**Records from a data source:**
☆ ☆ ☆ ☆ ☆
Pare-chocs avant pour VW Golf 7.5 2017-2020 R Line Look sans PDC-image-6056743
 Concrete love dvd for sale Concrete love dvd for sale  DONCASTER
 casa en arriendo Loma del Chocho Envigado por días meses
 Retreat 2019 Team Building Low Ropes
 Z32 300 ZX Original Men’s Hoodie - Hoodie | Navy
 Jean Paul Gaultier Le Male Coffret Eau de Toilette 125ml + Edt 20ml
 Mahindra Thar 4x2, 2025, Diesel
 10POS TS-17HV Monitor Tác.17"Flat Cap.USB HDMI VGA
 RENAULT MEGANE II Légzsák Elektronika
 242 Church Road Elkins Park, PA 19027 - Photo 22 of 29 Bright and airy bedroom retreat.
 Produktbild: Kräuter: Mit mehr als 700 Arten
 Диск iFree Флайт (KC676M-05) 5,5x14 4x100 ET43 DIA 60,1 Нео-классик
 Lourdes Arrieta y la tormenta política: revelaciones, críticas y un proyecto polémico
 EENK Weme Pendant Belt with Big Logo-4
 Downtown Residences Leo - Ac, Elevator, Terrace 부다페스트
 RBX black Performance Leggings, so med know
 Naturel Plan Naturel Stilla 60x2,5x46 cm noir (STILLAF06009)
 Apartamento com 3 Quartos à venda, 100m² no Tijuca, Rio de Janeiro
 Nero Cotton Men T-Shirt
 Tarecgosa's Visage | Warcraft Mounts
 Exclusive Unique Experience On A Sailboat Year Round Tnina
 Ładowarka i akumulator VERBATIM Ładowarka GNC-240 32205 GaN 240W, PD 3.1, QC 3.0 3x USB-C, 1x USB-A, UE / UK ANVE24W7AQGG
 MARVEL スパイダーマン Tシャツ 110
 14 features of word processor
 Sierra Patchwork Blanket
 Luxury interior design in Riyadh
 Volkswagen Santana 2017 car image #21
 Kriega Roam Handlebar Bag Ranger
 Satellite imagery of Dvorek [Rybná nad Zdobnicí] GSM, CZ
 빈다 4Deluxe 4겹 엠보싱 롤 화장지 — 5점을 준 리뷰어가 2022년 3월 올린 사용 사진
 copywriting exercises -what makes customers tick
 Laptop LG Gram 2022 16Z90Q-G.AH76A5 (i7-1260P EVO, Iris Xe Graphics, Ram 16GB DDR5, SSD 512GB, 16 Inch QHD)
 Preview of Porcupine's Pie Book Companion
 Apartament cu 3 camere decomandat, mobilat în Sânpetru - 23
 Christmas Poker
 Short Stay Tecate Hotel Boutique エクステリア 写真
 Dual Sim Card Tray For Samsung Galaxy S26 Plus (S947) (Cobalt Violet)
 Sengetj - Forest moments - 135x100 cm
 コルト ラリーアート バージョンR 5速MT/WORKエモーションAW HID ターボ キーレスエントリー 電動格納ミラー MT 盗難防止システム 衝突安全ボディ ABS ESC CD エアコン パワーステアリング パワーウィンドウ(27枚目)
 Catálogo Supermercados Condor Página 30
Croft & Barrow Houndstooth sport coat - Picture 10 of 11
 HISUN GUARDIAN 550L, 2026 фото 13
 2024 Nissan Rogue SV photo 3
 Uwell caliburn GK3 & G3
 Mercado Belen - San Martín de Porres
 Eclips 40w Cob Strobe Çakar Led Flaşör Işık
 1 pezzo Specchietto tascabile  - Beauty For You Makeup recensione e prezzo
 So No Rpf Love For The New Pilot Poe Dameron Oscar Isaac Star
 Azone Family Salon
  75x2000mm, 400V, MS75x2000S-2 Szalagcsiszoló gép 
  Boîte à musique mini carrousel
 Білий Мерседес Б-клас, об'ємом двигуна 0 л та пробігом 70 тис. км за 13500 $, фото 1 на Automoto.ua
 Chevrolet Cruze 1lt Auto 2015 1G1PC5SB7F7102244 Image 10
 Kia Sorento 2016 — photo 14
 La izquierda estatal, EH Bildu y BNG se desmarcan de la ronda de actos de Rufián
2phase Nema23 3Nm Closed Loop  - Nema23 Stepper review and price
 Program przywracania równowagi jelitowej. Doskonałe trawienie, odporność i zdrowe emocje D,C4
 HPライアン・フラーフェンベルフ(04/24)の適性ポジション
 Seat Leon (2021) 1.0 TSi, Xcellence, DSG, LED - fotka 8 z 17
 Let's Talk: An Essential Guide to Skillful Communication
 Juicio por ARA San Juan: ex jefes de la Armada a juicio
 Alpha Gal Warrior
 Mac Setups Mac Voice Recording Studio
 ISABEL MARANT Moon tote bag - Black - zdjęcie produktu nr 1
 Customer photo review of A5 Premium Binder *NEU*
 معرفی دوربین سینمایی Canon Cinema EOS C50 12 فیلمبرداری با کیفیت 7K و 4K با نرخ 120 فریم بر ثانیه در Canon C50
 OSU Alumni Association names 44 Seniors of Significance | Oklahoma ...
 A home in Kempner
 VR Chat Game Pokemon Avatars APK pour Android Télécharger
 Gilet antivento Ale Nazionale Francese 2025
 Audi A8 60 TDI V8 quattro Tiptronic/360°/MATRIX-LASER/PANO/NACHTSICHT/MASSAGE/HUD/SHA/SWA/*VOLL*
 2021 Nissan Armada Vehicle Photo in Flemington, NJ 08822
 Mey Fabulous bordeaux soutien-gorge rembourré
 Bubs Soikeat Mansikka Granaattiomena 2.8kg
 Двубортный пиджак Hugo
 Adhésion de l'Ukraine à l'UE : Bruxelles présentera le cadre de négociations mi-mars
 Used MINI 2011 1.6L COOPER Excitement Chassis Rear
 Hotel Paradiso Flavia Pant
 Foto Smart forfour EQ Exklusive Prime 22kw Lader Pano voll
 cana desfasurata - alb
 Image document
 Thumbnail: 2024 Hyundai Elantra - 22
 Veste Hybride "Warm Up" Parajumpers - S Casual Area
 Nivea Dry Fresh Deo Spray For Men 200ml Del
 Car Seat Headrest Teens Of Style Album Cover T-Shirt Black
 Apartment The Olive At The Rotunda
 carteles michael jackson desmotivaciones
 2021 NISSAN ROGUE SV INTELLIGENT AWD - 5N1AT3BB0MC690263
☆ ☆ ☆ ☆ ☆
Beginning with the line that holds "VR Chat Game", copy the entries exactly to their last line, and leave out every earlier line.

 VR Chat Game Pokemon Avatars APK pour Android Télécharger
 Gilet antivento Ale Nazionale Francese 2025
 Audi A8 60 TDI V8 quattro Tiptronic/360°/MATRIX-LASER/PANO/NACHTSICHT/MASSAGE/HUD/SHA/SWA/*VOLL*
 2021 Nissan Armada Vehicle Photo in Flemington, NJ 08822
 Mey Fabulous bordeaux soutien-gorge rembourré
 Bubs Soikeat Mansikka Granaattiomena 2.8kg
 Двубортный пиджак Hugo
 Adhésion de l'Ukraine à l'UE : Bruxelles présentera le cadre de négociations mi-mars
 Used MINI 2011 1.6L COOPER Excitement Chassis Rear
 Hotel Paradiso Flavia Pant
 Foto Smart forfour EQ Exklusive Prime 22kw Lader Pano voll
 cana desfasurata - alb
 Image document
 Thumbnail: 2024 Hyundai Elantra - 22
 Veste Hybride "Warm Up" Parajumpers - S Casual Area
 Nivea Dry Fresh Deo Spray For Men 200ml Del
 Car Seat Headrest Teens Of Style Album Cover T-Shirt Black
 Apartment The Olive At The Rotunda
 carteles michael jackson desmotivaciones
 2021 NISSAN ROGUE SV INTELLIGENT AWD - 5N1AT3BB0MC690263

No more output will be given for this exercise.